- **The problem**:
In the records below, the line that contains "Church Line Animation" marks the start. Copy it and each line after it through the end, exactly, without pictures.

- **Supplied data**:
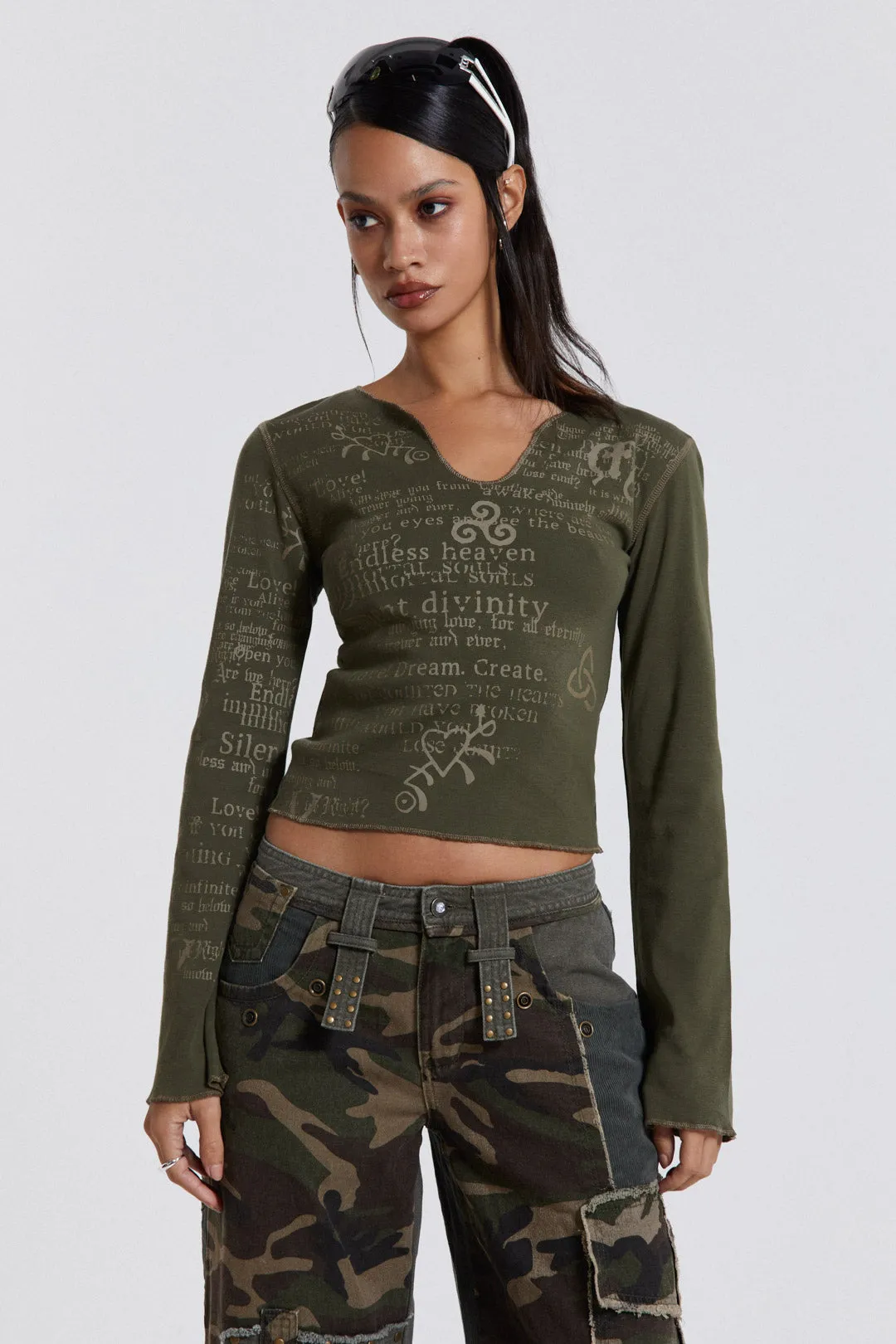 Celeste Notch Neck Long Sleeve Top sold by Jaded London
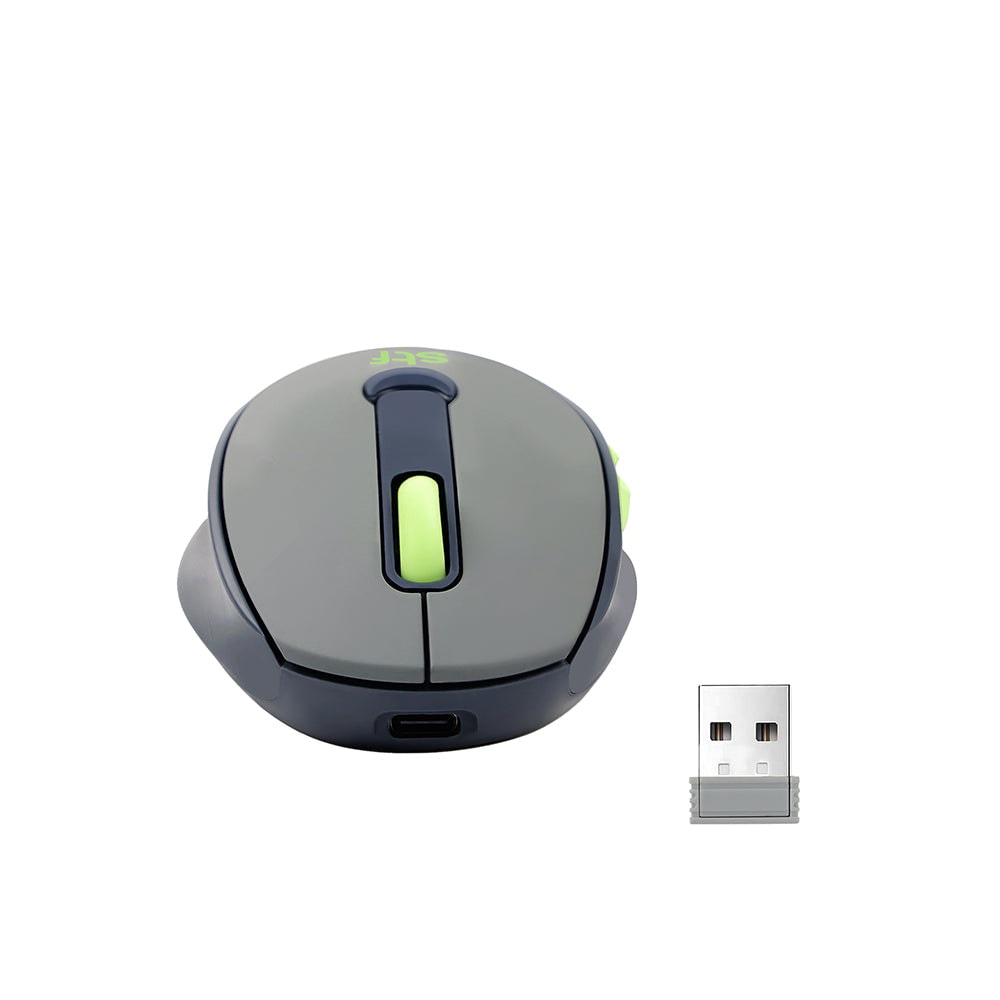 Mouse inalámbrico óptico STF VIVA Batería recargable 1600 DPI gris — imagen 4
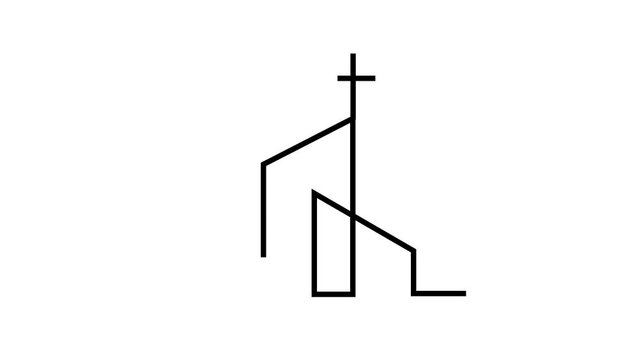 Church Line Animation logo icon design illustration
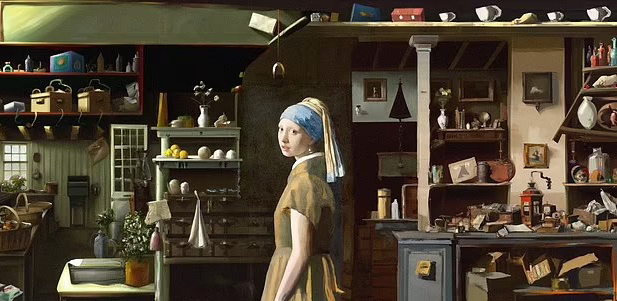 American artist August Kamp used Outpainting to reimagine "Girl with a Pearl Earring" in a domestic setting. 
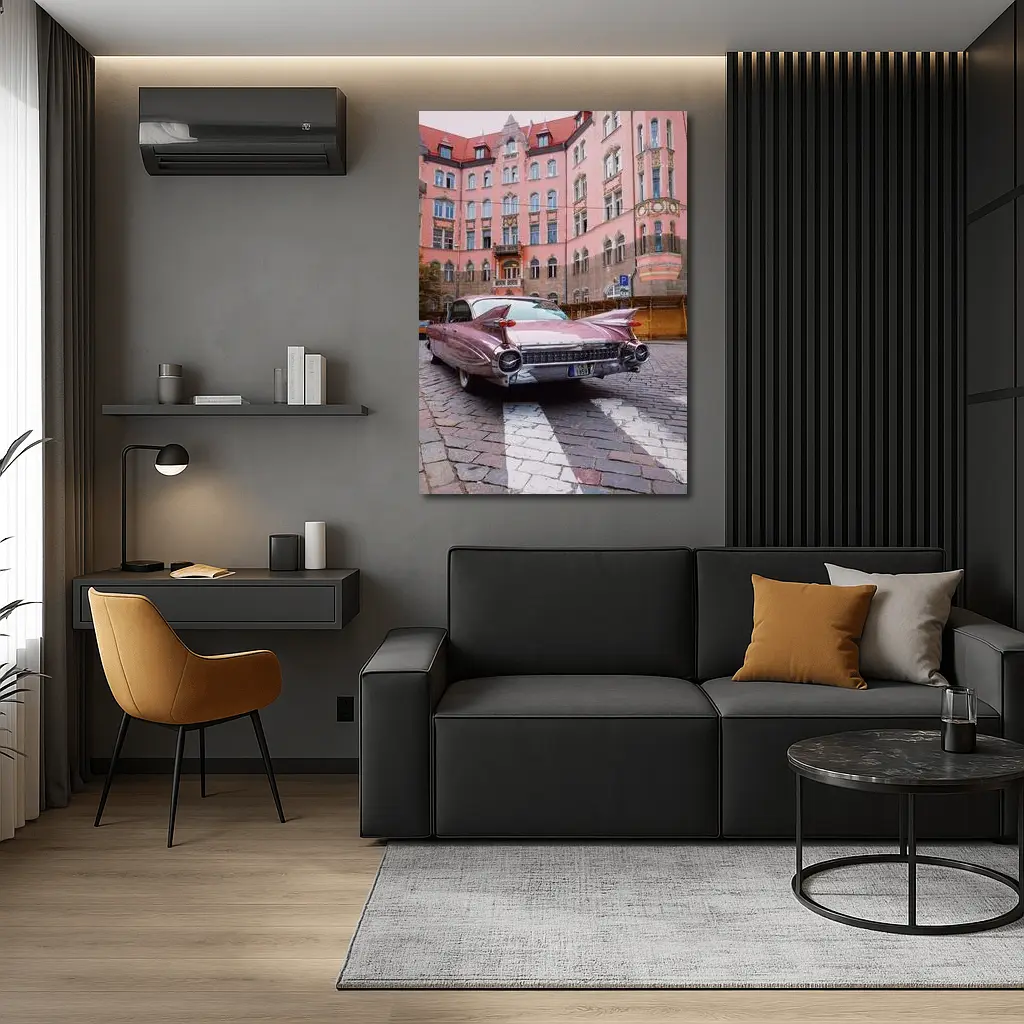 Classic Cadillac DeVille Pink European Street – Wall Art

- **Solution for this problem**:
 Church Line Animation logo icon design illustration
 American artist August Kamp used Outpainting to reimagine "Girl with a Pearl Earring" in a domestic setting. 
 Classic Cadillac DeVille Pink European Street – Wall Art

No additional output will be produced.